START Data to examine

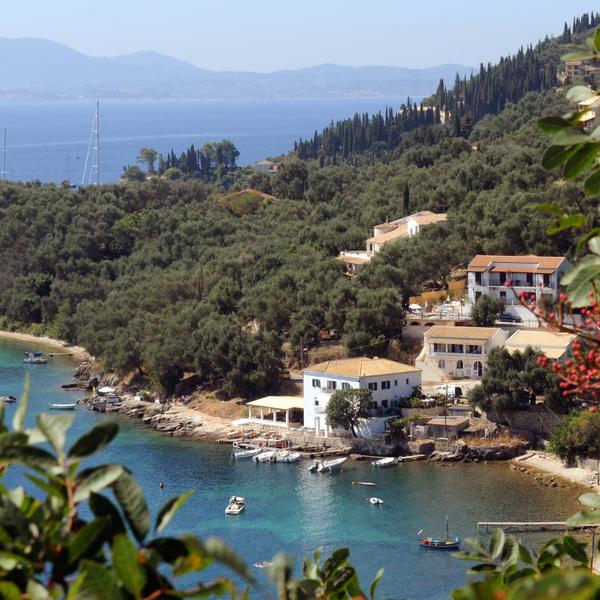 The White House at Kalami on Corfu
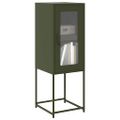 VidaXL Príborník Olive Green 36x39x107 cm Oceľ valcovaná za studena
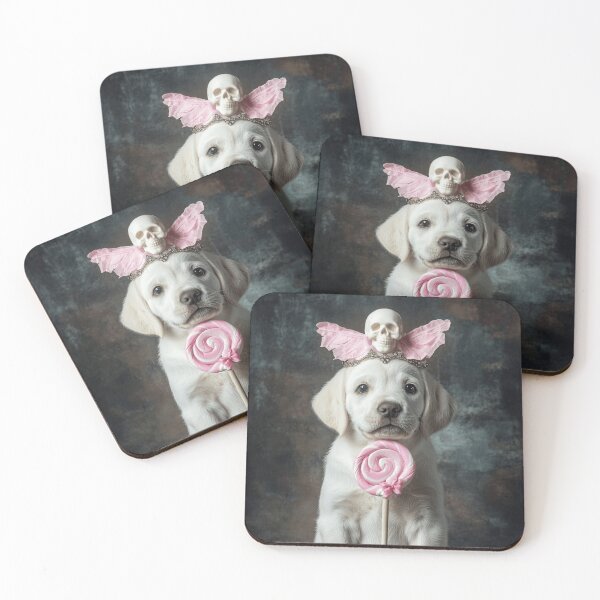 Item preview, Spooky And Cute White Labrador designed and sold by Nocturne  Paws.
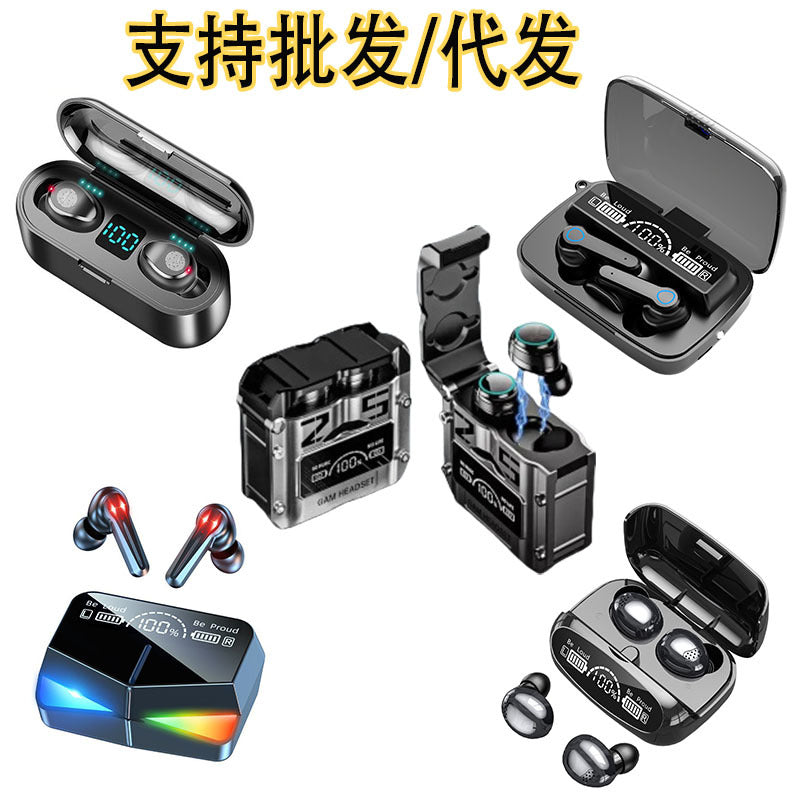 M90 Pro TWS Earbuds: 1200mAh Power Bank & Gaming Mode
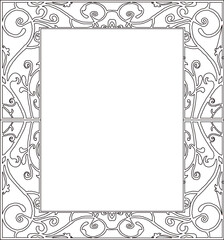 Vector sketch illustration of traditional ethnic vintage floral background pattern silhouette design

END Data to examine

* _Work instructions_: Begin at the line containing "Item preview, Spooky" and stop at the final line of the data. Retype those lines exactly, without the pictures.

* _Written response_:
 Item preview, Spooky And Cute White Labrador designed and sold by Nocturne  Paws.
 M90 Pro TWS Earbuds: 1200mAh Power Bank & Gaming Mode
 Vector sketch illustration of traditional ethnic vintage floral background pattern silhouette design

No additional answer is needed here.